Spannende Frage: Wann ist ein Leben ein gutes Leben? Die Grande Dame der Literatur, Elke Heidenreich, hat zu ihrem 80sten jüngst ihre Lebensbilanz gezogen. Elke Heidenreich hatte ohne Zweifel ein schweres Leben: Geboren im Krieg, bei Pflegeeltern aufgewachsen, in jungen Jahren Krebs, die Ärzte gaben ihr keine fünf Jahre. So heißt dann auch ihr erstes Kapitel: „Ich habe mein Leben komplett in den Sand gesetzt.“

Was aber auch stimmt: Elke Heidenreich hat als Kleinkind wenig vom Krieg mitbekommen, ein Pfarrer hat sie aus prekären Umständen als Pflegekind aufgenommen, ihr ein Dach, zu Essen und Bildung gegeben. Und den Krebs in frühen Jahren hat sie erfolgreich überwunden. Kein Wunder, dass das zweite Kapitel heißt: „Ich hatte ein unfassbar wunderbares Leben.“ Bevor man verwirrt sein kann und „Ja, was denn nun?“ ausrufen möchte, kommt das dritte Kapitel: „So. Und jetzt suchen Sie sich doch bitte aus diesen zwei Lebensversionen eine aus.“

Wer entscheidet über die Bilanz unseres Lebens?

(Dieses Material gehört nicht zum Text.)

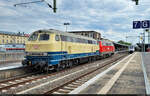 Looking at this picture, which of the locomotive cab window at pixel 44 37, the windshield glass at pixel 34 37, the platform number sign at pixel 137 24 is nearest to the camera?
the locomotive cab window at pixel 44 37

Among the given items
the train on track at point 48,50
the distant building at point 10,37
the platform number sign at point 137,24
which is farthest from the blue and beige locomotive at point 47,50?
the distant building at point 10,37

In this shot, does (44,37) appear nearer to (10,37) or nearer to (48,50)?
(48,50)

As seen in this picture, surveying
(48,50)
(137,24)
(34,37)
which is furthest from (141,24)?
(34,37)

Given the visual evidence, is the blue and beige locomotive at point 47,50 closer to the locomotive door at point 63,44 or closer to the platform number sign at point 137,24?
the locomotive door at point 63,44

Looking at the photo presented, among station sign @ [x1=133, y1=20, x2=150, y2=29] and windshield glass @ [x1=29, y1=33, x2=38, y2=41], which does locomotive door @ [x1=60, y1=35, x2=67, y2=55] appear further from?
station sign @ [x1=133, y1=20, x2=150, y2=29]

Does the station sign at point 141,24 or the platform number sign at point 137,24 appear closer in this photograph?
the station sign at point 141,24

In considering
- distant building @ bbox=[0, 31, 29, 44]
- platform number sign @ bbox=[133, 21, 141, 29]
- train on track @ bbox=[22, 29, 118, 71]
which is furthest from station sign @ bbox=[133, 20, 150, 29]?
distant building @ bbox=[0, 31, 29, 44]

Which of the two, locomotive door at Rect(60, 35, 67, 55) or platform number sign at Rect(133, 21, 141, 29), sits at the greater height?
platform number sign at Rect(133, 21, 141, 29)

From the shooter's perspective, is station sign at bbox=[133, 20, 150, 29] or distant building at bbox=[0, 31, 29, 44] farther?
distant building at bbox=[0, 31, 29, 44]

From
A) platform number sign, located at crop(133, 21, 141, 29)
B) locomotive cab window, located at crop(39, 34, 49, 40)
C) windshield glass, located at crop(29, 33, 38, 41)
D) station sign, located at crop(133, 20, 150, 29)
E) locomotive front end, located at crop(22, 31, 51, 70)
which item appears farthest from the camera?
platform number sign, located at crop(133, 21, 141, 29)

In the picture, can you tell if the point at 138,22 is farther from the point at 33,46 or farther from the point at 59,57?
the point at 33,46

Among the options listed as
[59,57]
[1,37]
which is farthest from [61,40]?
[1,37]

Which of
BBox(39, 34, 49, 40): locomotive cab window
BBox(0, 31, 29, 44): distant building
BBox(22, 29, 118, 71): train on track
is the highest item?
BBox(0, 31, 29, 44): distant building

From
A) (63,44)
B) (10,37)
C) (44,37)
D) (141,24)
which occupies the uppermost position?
(10,37) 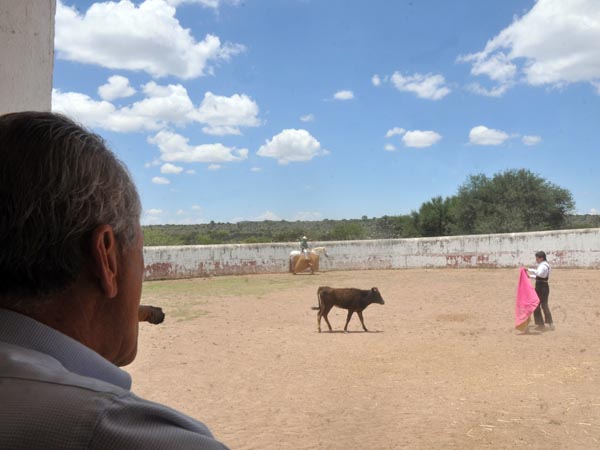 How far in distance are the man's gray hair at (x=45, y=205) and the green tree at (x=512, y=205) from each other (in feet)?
101

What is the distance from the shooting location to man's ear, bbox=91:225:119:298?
91cm

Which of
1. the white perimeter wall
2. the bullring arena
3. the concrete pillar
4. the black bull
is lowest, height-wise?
the bullring arena

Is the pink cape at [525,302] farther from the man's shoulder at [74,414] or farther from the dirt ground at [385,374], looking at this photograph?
the man's shoulder at [74,414]

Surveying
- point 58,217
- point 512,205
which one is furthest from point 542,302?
point 512,205

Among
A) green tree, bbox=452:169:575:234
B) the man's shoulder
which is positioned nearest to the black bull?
the man's shoulder

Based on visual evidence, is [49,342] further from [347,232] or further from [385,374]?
[347,232]

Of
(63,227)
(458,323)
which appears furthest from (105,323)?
(458,323)

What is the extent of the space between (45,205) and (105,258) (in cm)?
14

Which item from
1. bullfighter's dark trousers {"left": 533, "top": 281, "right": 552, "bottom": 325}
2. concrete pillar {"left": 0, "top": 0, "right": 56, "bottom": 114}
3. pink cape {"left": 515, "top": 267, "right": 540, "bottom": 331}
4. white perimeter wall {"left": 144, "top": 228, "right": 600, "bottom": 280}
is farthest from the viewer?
white perimeter wall {"left": 144, "top": 228, "right": 600, "bottom": 280}

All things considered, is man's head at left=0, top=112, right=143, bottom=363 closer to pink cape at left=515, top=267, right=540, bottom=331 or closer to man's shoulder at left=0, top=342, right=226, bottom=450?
man's shoulder at left=0, top=342, right=226, bottom=450

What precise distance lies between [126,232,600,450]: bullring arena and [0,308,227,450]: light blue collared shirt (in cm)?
389

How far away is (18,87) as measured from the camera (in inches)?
106

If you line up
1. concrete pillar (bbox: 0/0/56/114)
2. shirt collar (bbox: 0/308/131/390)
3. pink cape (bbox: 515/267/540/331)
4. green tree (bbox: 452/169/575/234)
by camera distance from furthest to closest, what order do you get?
1. green tree (bbox: 452/169/575/234)
2. pink cape (bbox: 515/267/540/331)
3. concrete pillar (bbox: 0/0/56/114)
4. shirt collar (bbox: 0/308/131/390)

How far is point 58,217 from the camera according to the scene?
853mm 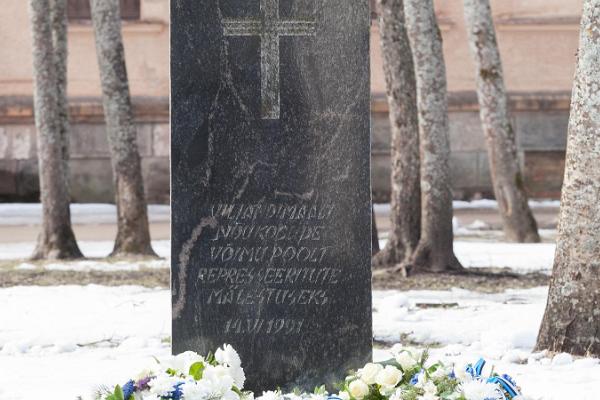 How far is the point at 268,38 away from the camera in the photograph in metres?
6.87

Nun, die Bilanz eines Lebens kann jede und jeder immer nur selbst ziehen. Aber vielleicht will Elke Heidenreich uns genau darauf stoßen:

Dass wir es sind, die entscheiden, ob unser Leben gut ist. Oder wie gut unser Leben ist. Und vielleicht ist unser Blick auf unser Schicksal noch wichtiger als unser Schicksal selbst.

Denn wie wir unsere Lebens-Lage einschätzen, entscheidet über unser Lebens-Gefühl. Privat und im Übrigen auch kollektiv. Auch unser Blick auf unsere Gesellschaft entscheidet, ob wir denken, Deutschland sei ein Abbruchland oder eines der sichersten der Welt, mit einem großen sozialen Netz.

Das Schlechte nicht wegsülzen, das Gute nicht schlecht reden

Keine Sorge, ich weiß auch, dass die Deutsche Bahn nicht (mehr) immer pünktlich ist, dass es viel zu wenig Betreuungsplätze in Kitas gibt, wie kompliziert Behördenformulare sind, wie teuer Gemüse oder wie schwer oft das Unterrichten in den Schulen geworden ist. Ja.

Aber wer mal im Ausland krank geworden ist, weiß, was wir an unserem Gesundheitssystem haben. Wer je mit Menschen, die in einer Diktatur leben müssen, gesprochen hat, weiß, dass wir hier alles sagen und schreiben und in die Welt schreien dürfen. Gleich, wie gelogen es sein mag. Und wer je in einem wirklich armen Land war, weiß, unter welch unglaublich privilegierten Umständen wir hier leben.

Ich bin ein Glückskind

Zurück zum Jüngsten und meinem Alarmgefühl. Hartnäckig lenkte ich seinen Blick auf sein Leben als „armer Tropf“. Bestätigte immer wieder, ja, er hatte einen schweren Start, musste den Verlust seiner Herkunftsfamilie verschmerzen und viel, viel aufholen. Zugleich sei er jetzt an einem Ort, an dem er wachsen und gedeihen könne. Er kenne das Meer und die Berge, bekomme heiße Schokolade und Gute-Nachtgeschichten.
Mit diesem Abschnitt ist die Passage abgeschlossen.